On a certain night of every week the North Shields Railway Station presents an unusually animated appearance. Fur-capped men of stalwart build, bewildered looking women, and a host of youths and children, whose fair complexions and flaxen hair plainly bespeak their nationality, are huddled together with piles of luggage in the vicinity of the booking office – a strange crowd indeed, and one which seldom fails to attract the stare and curiosity of the ordinary wayfarer.
Over the course this year, my teaching has partly focused on the development of the United States as a global power between 1870 and 1970. One facet of that history that continues to fascinate me, in part because of very old familial connections to it, is emigration. Several years ago, as a curious sixth former, I was passed a copy of Gwyn A. Williams’ book The Welsh in their History, a collection of essays written by my history teacher’s favourite university lecturer. In it are papers on Merthyr Tydfil, Hugh Owen and the Liberal tradition in Wales, and Gwyn’s famous essay ‘Locating a Welsh Working Class: the Frontier Years’. But the one that has stuck with me the most was the simply titled ‘Imperial South Wales’, which began its life as a lecture in praise of Brinley Thomas. Although the paper seeks to demonstrate the consequences of South Wales’ rapid industrialisation in the latter half of the nineteenth century, it provides some fascinating hints at the much wider story of European migration to the new world in the same period. To take just one brief passage:
During the 1880s, one and a quarter million people left rural Germany and over half a million quit Scandinavia; Denmark had to rebuild itself.
Teaching the impact of that immigrant to students, I’ve found myself once again drawn to the North Atlantic and its history – an interest spurred further by the Swedish language classes I’ve been taking and a wider engagement with several colleagues in the ‘ancient, free and mountainous north’ (as the Swedish anthem goes in the roughness of literal translation). If the general idea of a transatlantic emigrant in the nineteenth century is that of the poor Irish escaping from the potato famine or the generally harsh condition of the west coast of the Emerald Isle, that provides but one part of the entire story. Tom Devine’s recent work on Scotland’s global diaspora has extended our understanding. And the fine work of numerous American scholars has teased out many of the other stories that can be told. One group, however, for whom the British Isles, indeed for whom the port cities and railway towns of Yorkshire and Lancashire, are central, are the Scandinavian emigrants who travelled from their homes to Wisconsin and Michigan in the Mid-West or to Washington and Oregon in the Pacific North West.
Hang on, I hear you cry – Yorkshire and Lancashire? The greatest challenge for any emigrant is not so much the desire to go, but finding the money to be able to travel and settle in a new country. Given the significance of Liverpool and Glasgow to the transatlantic Irish emigrant’s trail, it’s not much of surprise to learn that many Swedes, Norwegians, and Danes travelled to the United States on-board ships that started their journey in the major ports of Britain’s west coast.
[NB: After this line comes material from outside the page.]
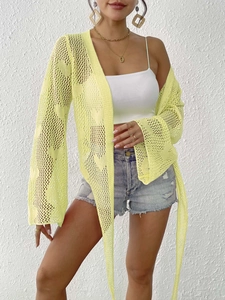 Detail of neon green crochet knit cardigan featuring flare sleeves and long tie closures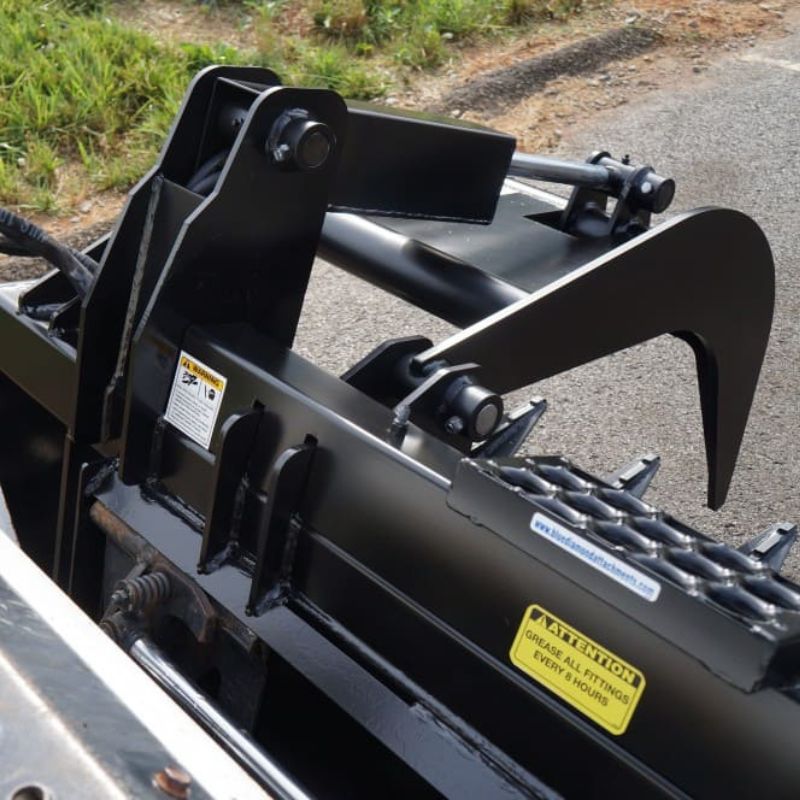 Close Up of left hydraulic clamp on Blue Diamonds Severe Duty Root Grapple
To travel to Liverpool or Glasgow from Stockholm, Christiania (Oslo) or Copenhagen, it was necessary to land in ports on the east coast, such as Hull, Middlesbrough, Newcastle, or Leith, and travel across the country by rail. For the tens of thousands who arrived in Hull bound for Liverpool, Huddersfield was a convenient stopping off point being, then as now, half-way along the railway line.
Emigration was stirred in part by the involvement of specialised shipping companies such as the American Emigrant Company (founded 1864), which operated a service (with transfer from Scandinavia) from Liverpool to New York, and subsequently a direct sailing from Gothenburg on the west coast of Sweden. Others included the National Steam Navigation Company (founded 1863), which had originally intended to tramp the migrant trail from Liverpool to the southern states but had to alter their routes during the Civil War and land at New York City. They subsequently began direct sailings from Trondheim in northern Norway. By the outbreak of the Great War in 1914, there were several Scandinavian-owned shipping companies such as the Copenhagen-based Skandinavien-Amerika Linien and the Christinia-based Norske Amerkalinje, which drew trade away from the British ports.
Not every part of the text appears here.